Pour conserver les Couleurs fraisches, il faut peindre en mettant toûjours des Couleurs, & non pas en frottant apres les avoir couchées sur la toile ; & s’il se pouvoit mesme faire qu’on les mist justement dans leurs places, & que l’on n’y touchast point quand on les y a une fois placées, il seroit encore mieux ; parce que la fraischeur des Couleurs se ternit & se perd à force de les tourmenter en peignant.
Tous ceux qui ont bien colorié, avoient encore une autre Maxime pour maintenir les Couleurs fraisches, vives & fleuries ; c'estoit de se servir de Fonds blancs, sur lesquels ils peignoient, & souvent mesme au premier coup, sans rien retoucher, & sans y employer de nouvelles Couleurs.
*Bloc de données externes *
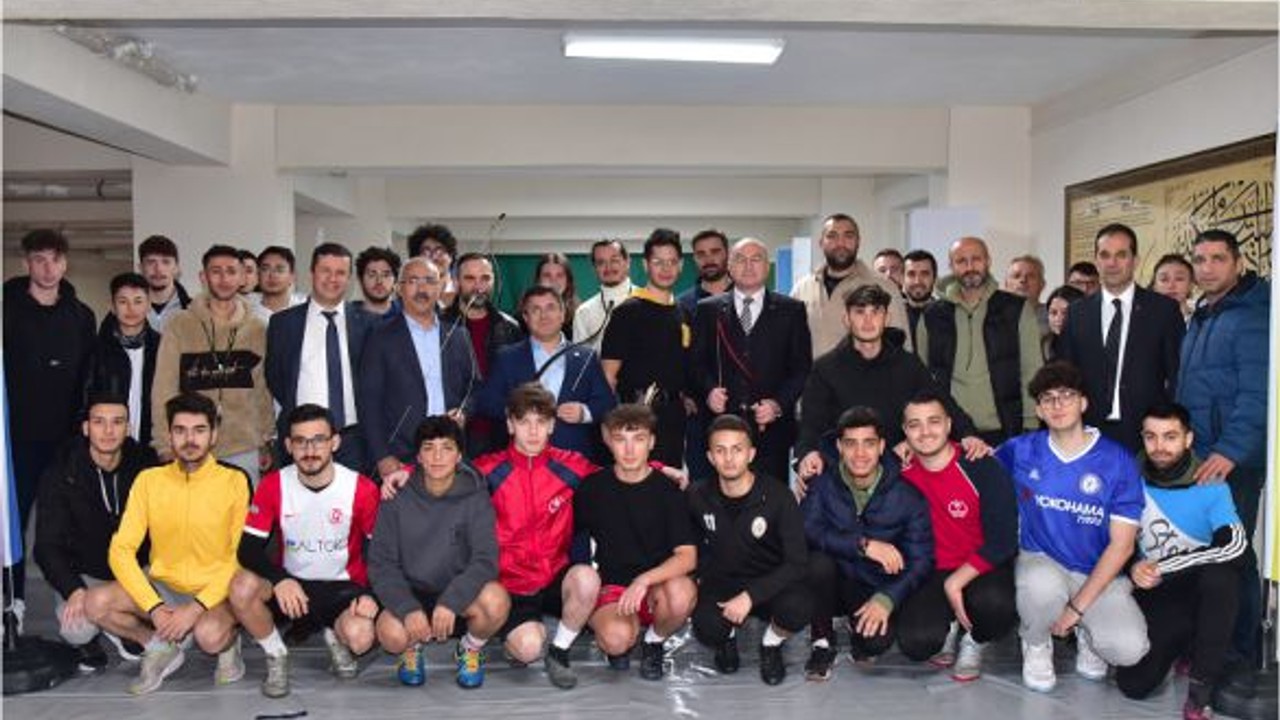 BAÜN'lü Gençler Okçuluğu Öğreniyor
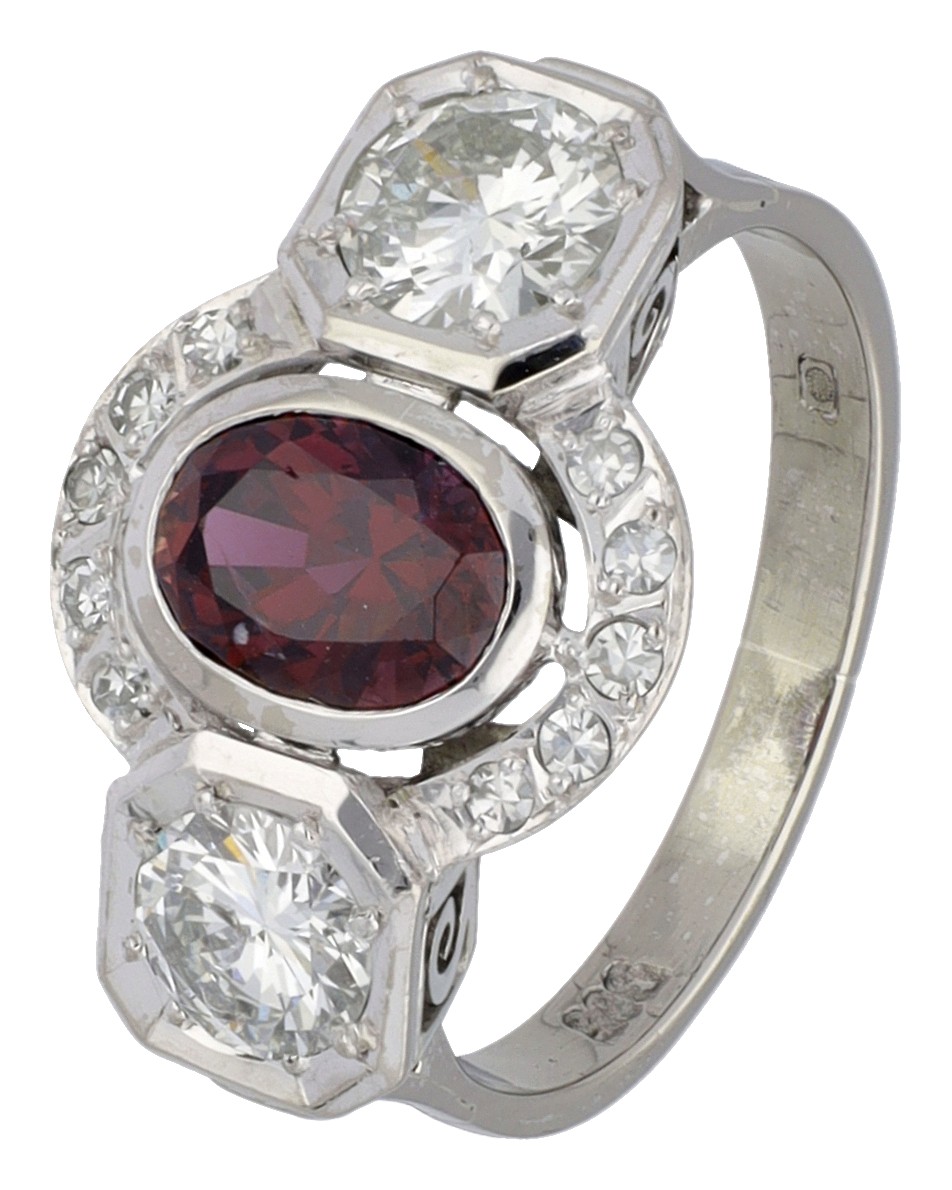 14K witgouden ring bezet met een natuurlijke saffier van 1.90 ct. en diamant, Inclusief ALGT certificaat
Rubens s'en servoit toûjours ; & j'ay veu des Tableaux de la main de ce grand Homme faits au premier coup, qui avoient une vivacité merveilleuse. La raison que ces excellens Coloristes avoient de se servir de ces sortes de Fonds, est que le Blanc conserve toûjours un éclat sous le transparant des Couleurs, lesquelles empeschent que l'air n'altere la blancheur du Fonds, de méme que cette blancheur repare le dommage qu'elles reçoivent de l'air ; de maniere que le Fonds & les Couleurs se prestent un mutuel secours, & se conservent l'un l'autre. C'est par cette raison que les Couleurs glacées ont une vivacité qui ne peut jamais estre imitée par les Couleurs les plus vives & les plus brillantes, dont à la maniere ordinaire & commune on couche simplement les differentes teintes, chacune dans leur place les unes apres les autres : tant il est vray que le Blanc avec les autres Couleurs fieres, dont on peint d'abord ce que l'on veut glacer, en sont comme la vie & l'éclat. Les Anciens ont asseurement trouvé que les Fonds blancs estoient beaucoup meilleurs que les autres : puisque nonobstant l'incommodité que leurs yeux recevoient de cette Couleur, ils ne laissoient pas de s'en servir, […] Je ne sçay d'où vient que l'on ne s'en sert pas aujourd'huy, si ce n'est qu'il y a peu de Peintres curieux de bien colorier, ou que l'ébauche commencée sur le Blanc ne se montre pas assez viste, & qu'il faut avoir une patience plus que Françoise, pour attendre qu'elle soit achevée, & que le Fond qui ternit par sa Blancheur l'éclat des autres Couleurs, soit entierement couvert, pour faire paroistre agreablement tout l'Ouvrage.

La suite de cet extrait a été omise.